Set out exactly every line of the entries below, starting at the line that holds "Appartement Schlegel *" and stopping after the line that holds "PROKOFIEV: Love for".

• TASK MATERIAL:
────────

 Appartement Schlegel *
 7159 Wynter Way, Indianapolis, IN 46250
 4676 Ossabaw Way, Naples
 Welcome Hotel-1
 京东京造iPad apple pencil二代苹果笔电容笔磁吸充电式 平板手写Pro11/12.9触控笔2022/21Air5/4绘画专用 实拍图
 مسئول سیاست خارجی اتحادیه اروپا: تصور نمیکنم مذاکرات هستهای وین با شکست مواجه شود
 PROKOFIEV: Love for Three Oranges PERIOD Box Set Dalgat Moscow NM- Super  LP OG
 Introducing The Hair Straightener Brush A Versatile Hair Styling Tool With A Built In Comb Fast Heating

────────

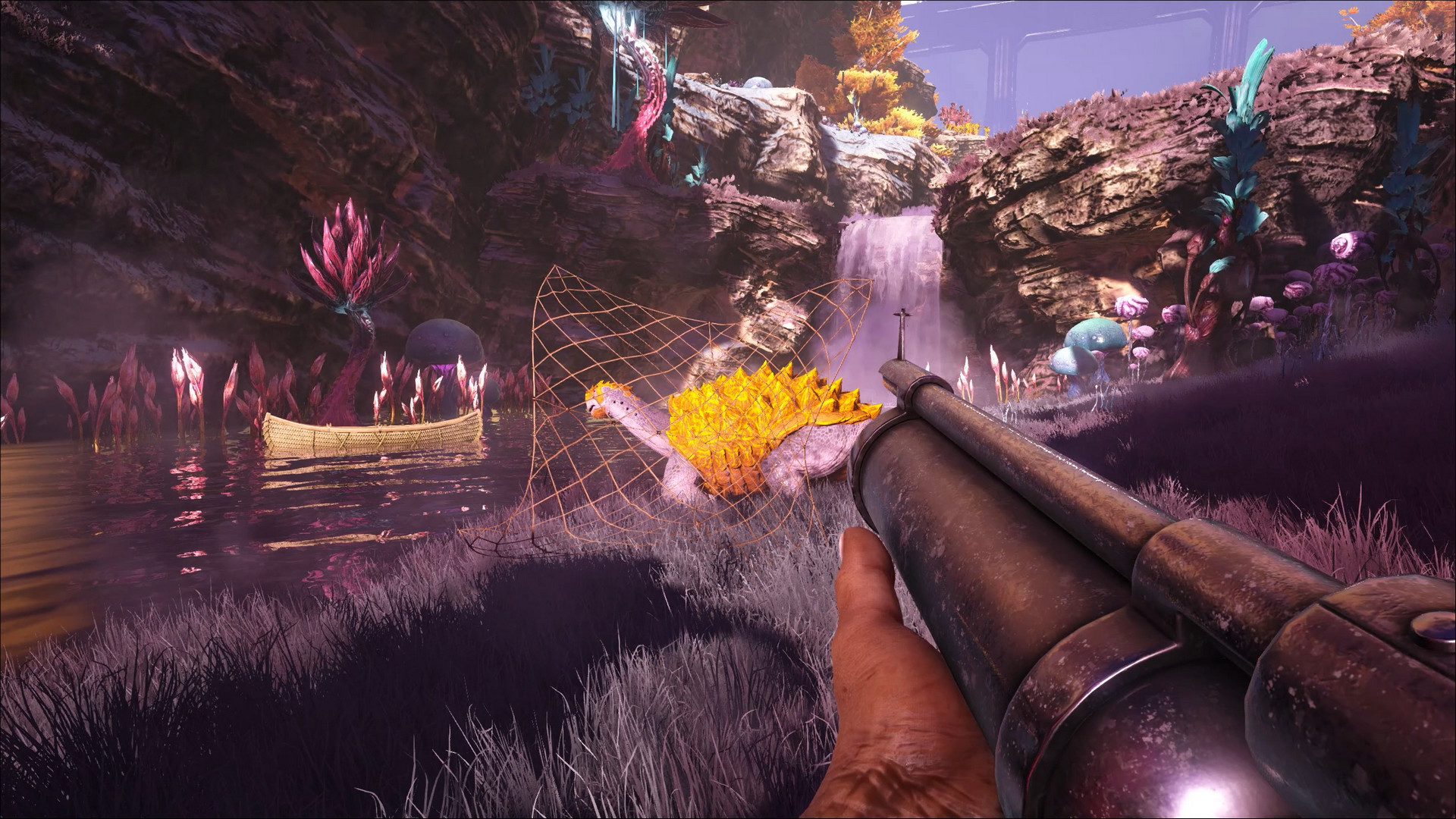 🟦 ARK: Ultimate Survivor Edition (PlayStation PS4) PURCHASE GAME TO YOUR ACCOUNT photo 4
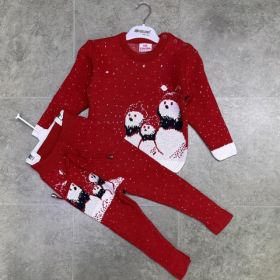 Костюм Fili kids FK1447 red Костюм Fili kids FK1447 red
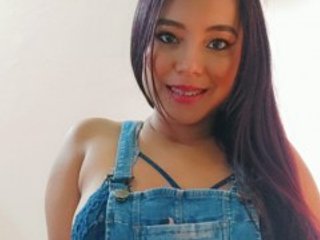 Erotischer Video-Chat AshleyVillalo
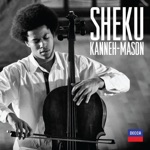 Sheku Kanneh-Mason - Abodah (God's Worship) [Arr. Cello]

────────

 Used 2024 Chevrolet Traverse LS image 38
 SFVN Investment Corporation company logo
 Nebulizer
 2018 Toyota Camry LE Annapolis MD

────────

• WRITTEN RESPONSE:
 Appartement Schlegel *
 7159 Wynter Way, Indianapolis, IN 46250
 4676 Ossabaw Way, Naples
 Welcome Hotel-1
 京东京造iPad apple pencil二代苹果笔电容笔磁吸充电式 平板手写Pro11/12.9触控笔2022/21Air5/4绘画专用 实拍图
 مسئول سیاست خارجی اتحادیه اروپا: تصور نمیکنم مذاکرات هستهای وین با شکست مواجه شود
 PROKOFIEV: Love for Three Oranges PERIOD Box Set Dalgat Moscow NM- Super  LP OG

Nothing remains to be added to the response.